How President Biden’s stimulus package will impact childhood poverty in Alabama
BIRMINGHAM, Ala. (WBRC) - President Biden’s $1.9 trillion stimulus relief package is being praised by some as taking steps forward in the fight against childhood poverty. The public administration specialist we spoke to says 95% of children in Alabama will benefit from the bill.
The stimulus package will temporarily raise the child tax credit from $2,000 to as much as $3600 per child annually.
UAB Department of Political Science and Public Administration assistant professor, Dr. Peter Jones, explained why the tax credit expansion will help.
“The current tax credit really doesn’t help every child like you might think it does. There are some stipulations that you might have to have a certain threshold of income... really about 7 million kids are ineligible,” said Jones.
Jones explained the income requirement for the child tax credit being voided opens the credit up to millions of American children.
“7 million kids are about 10% of the children in our country. In addition to that, you have about 17 million children who won’t get the full $2,000. What the bill stipulates is the income threshold goes away and essentially every child claimed as a dependent and the family [qualifies].” Jones said.
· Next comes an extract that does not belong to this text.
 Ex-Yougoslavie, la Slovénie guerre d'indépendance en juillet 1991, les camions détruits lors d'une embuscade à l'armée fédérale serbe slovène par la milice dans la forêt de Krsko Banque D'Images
The plan is to send monthly checks to families. It also includes funding for several child programs including school reopening’s and childcare.
However, there are some who don’t agree with the child tax credit benefit and say it’ll only discourage people from getting back to work.
But according to Jones, Alabama families will be significantly impacted due to high numbers of food security and poverty among children,
“Especially in Alabama as we have this huge challenge, this tax credit is going raise anywhere from 80 to 160,000 kids over the poverty line and that’s huge when we think about the 250,000 children who are in poverty right now in Alabama,” Jones explained.
The expansion of the child tax credit would also help other sectors in Alabama.
“Because it’s a federal program and is going to alleviate child poverty it’s going to lessen that burden on the state and other localities and really free the state up to invest in other areas which I believe is an awesome thing for Alabama,” he said.
Another complaint about the stimulus bill is that it adds too much to the country’s deficit.
“Democrats would counter by noting that the recent Republican tax bill in 2017 drastically increased the deficit, too, and one might argue that a global pandemic of this scale requires the spending levels we saw in WWII. It is maybe more important to note that the federal government is in a much better position to cool down an economy than it is to try to ramp up the economy after the pandemic is over,” said Jones. “In other words, you’d rather risk doing too much now than doing too little because if you do too much, and say, increase inflation, then you can address that with monetary policy. But if you do too little, the effects of this recession linger for a long time, and things like childhood poverty are exacerbated. President Biden has essentially signaled that his policies will err on the side of doing too much. I suspect this is because many argue the stimulus bill passed during the Obama administration was not big enough to address the Great Recession.”